Beneficiaries challenge executor’s remuneration claim
There was no charging clause in the Will and the executor acknowledged she could not charge the estate for the professional work she took on. The executor claimed fees of $55,925.60, representing the maximum allowable fee under the Trustee Act of 5% on the capital value of the estate. She estimated that she spent approximately 150 hours on the file but admitted that much of that time involved the wills variation action. The beneficiaries argued that the executor’s work in relation to the wills variation claim was not required and that she should not be compensated for it. The beneficiaries took no issue otherwise with the executor’s discharge of her duties. Veikko’s over $1.1 million estate consisted primarily of a condo and bank accounts. There was a reasonable level of care and responsibility required of the executor and she displayed an acceptable level of skill in dealing with the assets.
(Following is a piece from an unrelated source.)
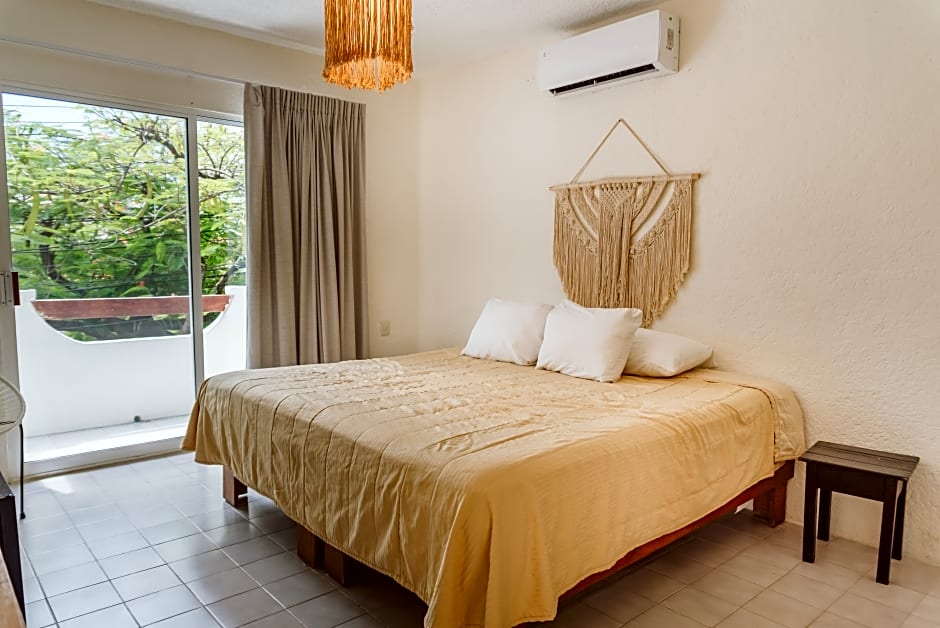 Ahava Hotel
Executors not entitled to charge fee for taking sides in estate litigation
The estate was competently managed, and the executor was entitled to be fairly compensated for her work in administering the estate. However, the executor misapprehended her role in relation to the wills variation claim and was not entitled to charge the estate for her work in that regard. The law is well settled that the primary duty of an executor is to preserve the assets of the estate, pay the debts and distribute the balance to the beneficiaries entitled under the will or, in accordance with any order made under wills variation legislation. Where proceedings are taken, all the executor need do is appear at the trial if required and deliver to the court the Letters Probate and financial documents showing the value of the estate. The executor in Hautakoski Estate went well beyond that role. She was required to maintain an even hand between the beneficiaries and take no position on the merits of the claim. If this executor had followed that course, the time spent by her would undoubtedly have been reduced. The Court concluded that 2% of the gross value of the estate ($22,370.38) was the proper executor’s fee for this estate. That the estate was not fully distributed and that there was a trust remaining for the will-maker’s granddaughter also supported remuneration at less than the 5% maximum. The beneficiaries were entitled to their costs of this application as special costs to be paid from the estate. The executor was not entitled to costs on this application.
Bottom line on lack of neutrality and BC executor’s fees
An executor should remain impartial and not pick sides between the beneficiaries in a wills variation proceeding. It should be a matter of indifference to the executor as to how the estate is divided; he or she need only comply with the terms of the Will or any variation of it made by a court. An executor who takes an active role in opposing a wills variation claim is not entitled to charge the estate for work in that regard.